If you subscribe to my colleague’s (Leah Tuckman) blog, you may have seen her post on developing a math mindset. In fact this whole idea of mindset has become a huge hot topic with the start of school lingering. So I felt as though I would jump on the bandwagon this week with my own spin on the importance of this issue.
This week as many educators are preparing their classrooms, planning their curriculum, or meeting their students, I am reminded of the opportunity to develop and foster a growth mindset in the classroom. This idea comes out of Carol Dweck’s book, Mindset: The New Psychology of Success. Dweck’s research found that the majority of people exhibit either a fixed or growth mindset. The graphic below compares the two types of individuals. A person with a fixed mindset believes that “they are the way they are”. It does not mean they cannot achieve and perform well, but when faced with challenges they tend to step back, sticking with what they know, rather than risk potential failure. On the opposite end, those with a growth mindset believe that intelligence can be developed, since the brain is like a muscle, and that can be trained. In order to do so, they challenge and push their thinking past a comfortable place, reflect on feedback in order to improve and stretch their brain further originally thought.
So how can we promote and introduce this idea within the classroom? What distinguishes a person with a growth mindset over a fixed mindset? I think one way to inspire and show students what a growth mindset encompasses would be to introduce them to apricot farmer Chris. Hopefully, like me, you will be inspired by his story. In terms of mindset, Chris is a prime example of someone who embraces challenges and persists in the face of setbacks. The prominence of the growth mindset surrounds him, for example when Chris asked his father, “What did you do differently with me than you would have any other kid?” his father answered, “Nothing”. How easy would it have been to step back in the face of challenges? Rather, Chris’ can do and will do attitude is an inspiration to us all.
When I was in the classroom, I strove to use picture books (no matter the age) to additionally support these bigger ideas. One book which promotes and explains growth mindset is Your Fantastic Elastic Brain, by JoAnn Deak, PhD. What I love about this book is that it talks about different kinds of learners, encourages making mistakes and challenges students to embrace hardships in learning. By doing this, it stretches our brains, ultimately increasing our confidence and knowledge.

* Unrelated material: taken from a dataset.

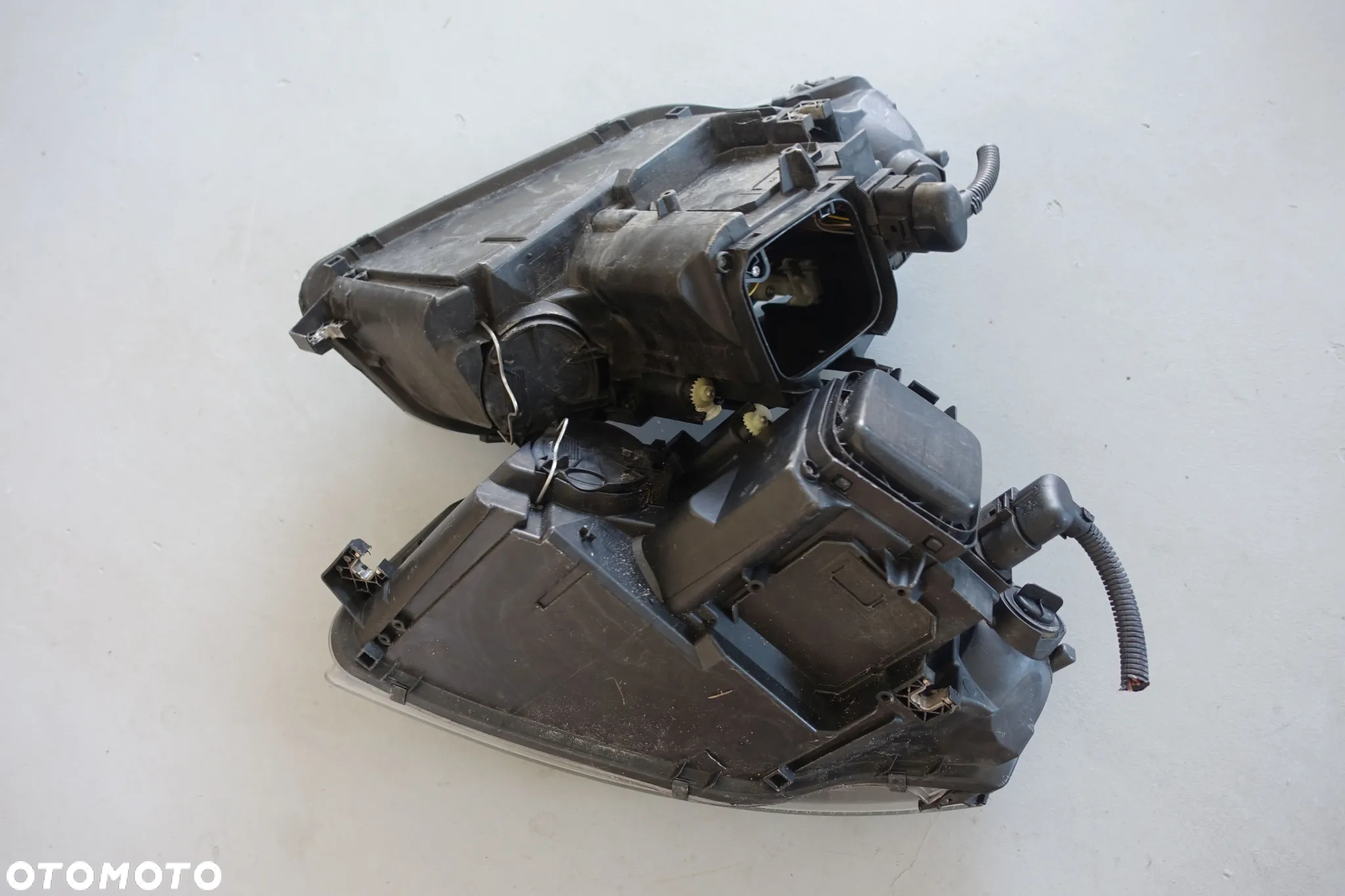 LAMPA LEWY  PRZÓD AUDI A3 8P 8P0941003 - 8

Finally, Teach like a Champion author Doug Lemov’s “No Opt Out” strategy is one way teachers can develop and cultivate a growth mindset in the classroom. In actually, his entire book promotes the growth mindset, however this strategy stuck out to me as being an expectation teachers can present day one to their students. According to this strategy, students who fall back on the common response, “I don’t know” cannot opt out of answering a question. Rather, his approach offers four formats which begins with a student unable to answer the question and ends with that student giving the correct answer. This offers the “I don’t know” student the opportunity “to know” and gain confidence in the meantime. Some teachers have taken this strategy and made it their own. Lemov recently blogged about one teacher’s success in using and modifying the “No Opt Out” strategy in their classroom. Check out his post to learn more.
With the school year approaching, educators are in a unique position to establish expectations from the start. Why not use the ideas and research of Carol Dweck to establish and cultivate your students as growth mindset focused? It is yet another way we can continue to promote success for our students.